**WHAT TO WORK ON**
What you return must match the listing below line for line, minus its pictures.

**DATA SHOWN**

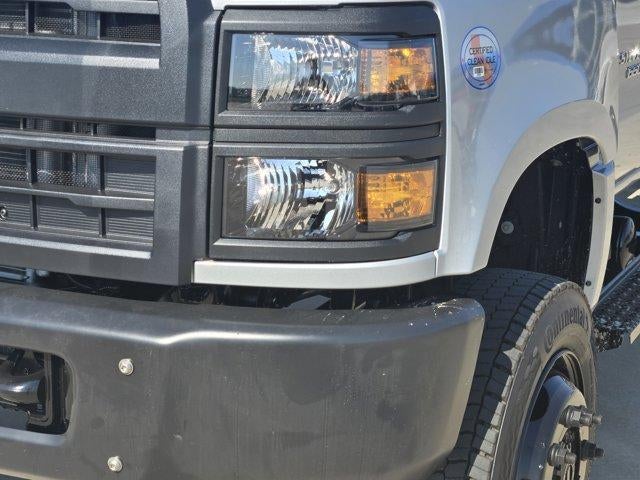 2025 Chevrolet Silverado 6500 HD Work Truck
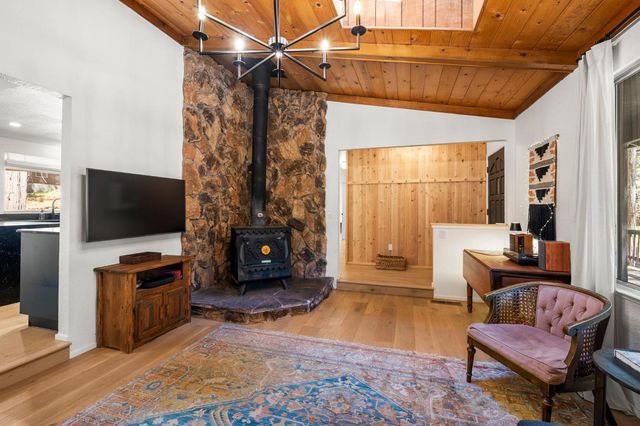 1224 Shannon Way, Arnold, CA 95223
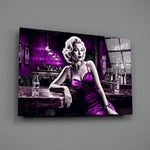 Blondine in violet satijn aan de bar – Glasschilderij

**ANSWER**
 2025 Chevrolet Silverado 6500 HD Work Truck
 1224 Shannon Way, Arnold, CA 95223
 Blondine in violet satijn aan de bar – Glasschilderij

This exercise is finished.